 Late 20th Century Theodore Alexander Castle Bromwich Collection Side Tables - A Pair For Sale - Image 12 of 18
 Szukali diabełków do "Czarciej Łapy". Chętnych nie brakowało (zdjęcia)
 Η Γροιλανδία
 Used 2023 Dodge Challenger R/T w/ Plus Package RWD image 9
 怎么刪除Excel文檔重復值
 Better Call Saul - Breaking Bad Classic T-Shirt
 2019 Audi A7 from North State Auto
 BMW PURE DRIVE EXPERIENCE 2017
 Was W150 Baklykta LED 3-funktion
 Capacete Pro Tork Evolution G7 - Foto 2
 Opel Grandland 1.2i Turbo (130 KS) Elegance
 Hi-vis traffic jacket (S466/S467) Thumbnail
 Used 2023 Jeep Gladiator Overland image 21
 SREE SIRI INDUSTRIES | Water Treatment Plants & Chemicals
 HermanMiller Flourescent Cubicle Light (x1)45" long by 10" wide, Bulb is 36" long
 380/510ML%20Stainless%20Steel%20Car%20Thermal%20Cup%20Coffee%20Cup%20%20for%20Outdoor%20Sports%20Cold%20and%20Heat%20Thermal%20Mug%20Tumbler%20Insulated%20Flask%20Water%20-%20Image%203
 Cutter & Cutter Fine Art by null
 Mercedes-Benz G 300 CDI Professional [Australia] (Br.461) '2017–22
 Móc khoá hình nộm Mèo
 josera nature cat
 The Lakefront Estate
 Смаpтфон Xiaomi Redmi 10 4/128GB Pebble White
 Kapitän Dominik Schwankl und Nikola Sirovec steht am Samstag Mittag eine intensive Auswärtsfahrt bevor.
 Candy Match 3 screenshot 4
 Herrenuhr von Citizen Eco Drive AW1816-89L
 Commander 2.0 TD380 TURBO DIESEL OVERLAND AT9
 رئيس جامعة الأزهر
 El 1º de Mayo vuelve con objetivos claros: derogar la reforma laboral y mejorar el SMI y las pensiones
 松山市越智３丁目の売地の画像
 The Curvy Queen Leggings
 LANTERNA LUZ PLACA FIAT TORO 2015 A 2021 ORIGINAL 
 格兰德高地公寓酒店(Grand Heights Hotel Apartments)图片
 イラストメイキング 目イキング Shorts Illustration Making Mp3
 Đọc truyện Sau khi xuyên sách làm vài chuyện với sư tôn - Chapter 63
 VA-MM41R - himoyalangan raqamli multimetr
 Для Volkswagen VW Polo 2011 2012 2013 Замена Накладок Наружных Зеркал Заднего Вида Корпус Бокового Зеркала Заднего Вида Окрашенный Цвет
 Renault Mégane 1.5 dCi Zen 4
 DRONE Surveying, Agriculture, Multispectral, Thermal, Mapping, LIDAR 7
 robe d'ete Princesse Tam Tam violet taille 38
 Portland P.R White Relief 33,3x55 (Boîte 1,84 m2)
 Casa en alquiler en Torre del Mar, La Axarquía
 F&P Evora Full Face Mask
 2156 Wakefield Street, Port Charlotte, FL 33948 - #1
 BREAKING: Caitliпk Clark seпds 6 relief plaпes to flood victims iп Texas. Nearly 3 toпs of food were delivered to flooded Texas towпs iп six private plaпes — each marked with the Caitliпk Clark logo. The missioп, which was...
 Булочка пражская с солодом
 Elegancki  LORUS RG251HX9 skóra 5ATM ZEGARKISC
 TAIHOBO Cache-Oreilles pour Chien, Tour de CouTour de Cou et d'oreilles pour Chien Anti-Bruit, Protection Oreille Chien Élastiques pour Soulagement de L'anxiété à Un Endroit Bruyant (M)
══════════════════════════════
- ASSIGNMENT
Each line of the listing above should be output exactly.

- RESULT OF THE EXERCISE
 Late 20th Century Theodore Alexander Castle Bromwich Collection Side Tables - A Pair For Sale - Image 12 of 18
 Szukali diabełków do "Czarciej Łapy". Chętnych nie brakowało (zdjęcia)
 Η Γροιλανδία
 Used 2023 Dodge Challenger R/T w/ Plus Package RWD image 9
 怎么刪除Excel文檔重復值
 Better Call Saul - Breaking Bad Classic T-Shirt
 2019 Audi A7 from North State Auto
 BMW PURE DRIVE EXPERIENCE 2017
 Was W150 Baklykta LED 3-funktion
 Capacete Pro Tork Evolution G7 - Foto 2
 Opel Grandland 1.2i Turbo (130 KS) Elegance
 Hi-vis traffic jacket (S466/S467) Thumbnail
 Used 2023 Jeep Gladiator Overland image 21
 SREE SIRI INDUSTRIES | Water Treatment Plants & Chemicals
 HermanMiller Flourescent Cubicle Light (x1)45" long by 10" wide, Bulb is 36" long
 380/510ML%20Stainless%20Steel%20Car%20Thermal%20Cup%20Coffee%20Cup%20%20for%20Outdoor%20Sports%20Cold%20and%20Heat%20Thermal%20Mug%20Tumbler%20Insulated%20Flask%20Water%20-%20Image%203
 Cutter & Cutter Fine Art by null
 Mercedes-Benz G 300 CDI Professional [Australia] (Br.461) '2017–22
 Móc khoá hình nộm Mèo
 josera nature cat
 The Lakefront Estate
 Смаpтфон Xiaomi Redmi 10 4/128GB Pebble White
 Kapitän Dominik Schwankl und Nikola Sirovec steht am Samstag Mittag eine intensive Auswärtsfahrt bevor.
 Candy Match 3 screenshot 4
 Herrenuhr von Citizen Eco Drive AW1816-89L
 Commander 2.0 TD380 TURBO DIESEL OVERLAND AT9
 رئيس جامعة الأزهر
 El 1º de Mayo vuelve con objetivos claros: derogar la reforma laboral y mejorar el SMI y las pensiones
 松山市越智３丁目の売地の画像
 The Curvy Queen Leggings
 LANTERNA LUZ PLACA FIAT TORO 2015 A 2021 ORIGINAL 
 格兰德高地公寓酒店(Grand Heights Hotel Apartments)图片
 イラストメイキング 目イキング Shorts Illustration Making Mp3
 Đọc truyện Sau khi xuyên sách làm vài chuyện với sư tôn - Chapter 63
 VA-MM41R - himoyalangan raqamli multimetr
 Для Volkswagen VW Polo 2011 2012 2013 Замена Накладок Наружных Зеркал Заднего Вида Корпус Бокового Зеркала Заднего Вида Окрашенный Цвет
 Renault Mégane 1.5 dCi Zen 4
 DRONE Surveying, Agriculture, Multispectral, Thermal, Mapping, LIDAR 7
 robe d'ete Princesse Tam Tam violet taille 38
 Portland P.R White Relief 33,3x55 (Boîte 1,84 m2)
 Casa en alquiler en Torre del Mar, La Axarquía
 F&P Evora Full Face Mask
 2156 Wakefield Street, Port Charlotte, FL 33948 - #1
 BREAKING: Caitliпk Clark seпds 6 relief plaпes to flood victims iп Texas. Nearly 3 toпs of food were delivered to flooded Texas towпs iп six private plaпes — each marked with the Caitliпk Clark logo. The missioп, which was...
 Булочка пражская с солодом
 Elegancki  LORUS RG251HX9 skóra 5ATM ZEGARKISC
 TAIHOBO Cache-Oreilles pour Chien, Tour de CouTour de Cou et d'oreilles pour Chien Anti-Bruit, Protection Oreille Chien Élastiques pour Soulagement de L'anxiété à Un Endroit Bruyant (M)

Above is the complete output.